As there seems to be some blurring of the lines, we have put together a list of the common household bills, and which party should be responsible for them.

Utility Bills

Energy bills are set to fall, which is great news for landlords and tenants alike. In our recent article titled Energy Prices Fall Within the UK, we explained changes to the price cap ruling which means cheaper bills. That results in savings, and it may be you or your landlord who covers the costs. Much depends here on the type of house or flat you live in. If you rent a room in an HMO, it is likely you will get bills included. Remember, this is not just water, gas and electric, but also broadband, which is as important these days as the others. In a regular rental agreement, the responsibility will be placed upon you to cover these bills, so expect to pay them when you move in. You should be able to change supplier if you wish, but it would be worth including the landlord in this process, so they are aware of your plans.

Council Tax

Council tax is another area in which the type of occupancy dictates who pays the tax. The Tenants Voice suggests that where multiple tenants rent their own private rooms but share communal areas such as a bathroom or kitchen, then the landlord is responsible for the council tax. Generally, the tenant is responsible for the council tax on a hierarchical basis. If you are the senior figure, or figures, in the home, then it is down to you to pay the tax. If you are in a rented property and live with your parents, then you are not.
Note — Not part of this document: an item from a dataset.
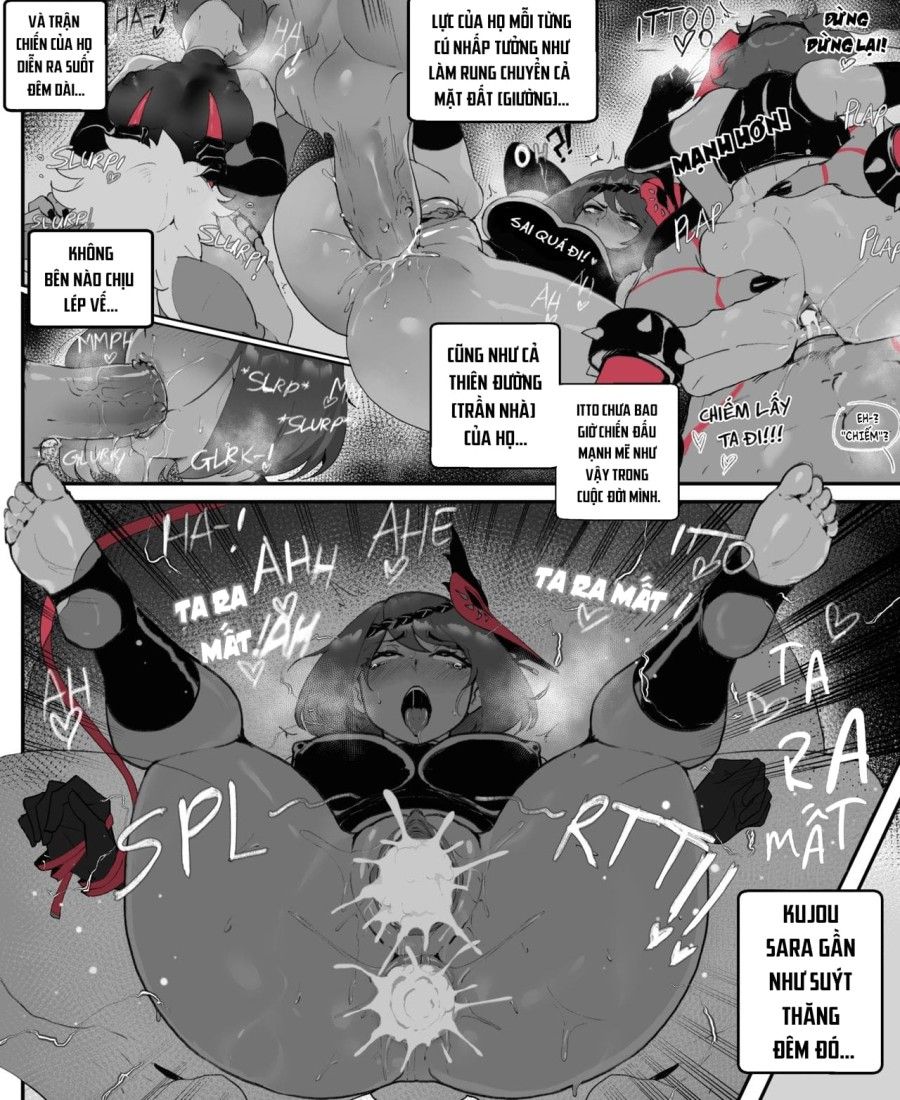 Ta Đây Là Arataki Itto!! Oneshot page 5 - Giả Dược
Insurance is split equally depending on what type you desire. For instance, if you want to cover your contents, that will fall upon you to arrange, not your landlord. However, they should have adequate buildings cover, almost certainly as part of any mortgage they have on the property.


There are policies available that cover repairs and the like too, which benefits both tenant and landlord. Special policies can cover plumbing, heating, electrics, drainage and a host of other areas within the home. These would be the responsibility of the landlord, but they are not compulsory. It might be worth discussing the options with your landlord though because the benefits stretch to both parties. For instance, the landlord comparison guide on HomeServe explains how as a tenant, you can call them directly if you have a problem with your boiler, cutting out the middleman – in this case, your landlord. They have to commit to a small outlay, but get peace of mind and no hassle when a problem occurs, whereas the tenant gets the swift remedial work they need.


Repairs are mainly down to the landlord, as we have already touched upon unless the damage has been caused by the tenant. However, do not expect any repair to be paid for, as only ones that affect health and safety will be a priority. If you have a window that is leaking, then the landlord will likely pay the bill. If you have squeaky floorboards, that is not a serious repair and therefore the landlord would not be under obligation to pay the repair bill. If you have broken a panel on an internal door, then you are liable.

The key to any good landlord-tenant relationship is communication and clarity, so make sure you are aware of which bills you must pay ahead of signing an agreement. If uncertainty creeps in, pick up the phone and make a call before anything becomes a problem. It is likely, if any bills are to be problematic, it will be around repairs and remedial work, so keep dialogue lines open and relationships open and honest.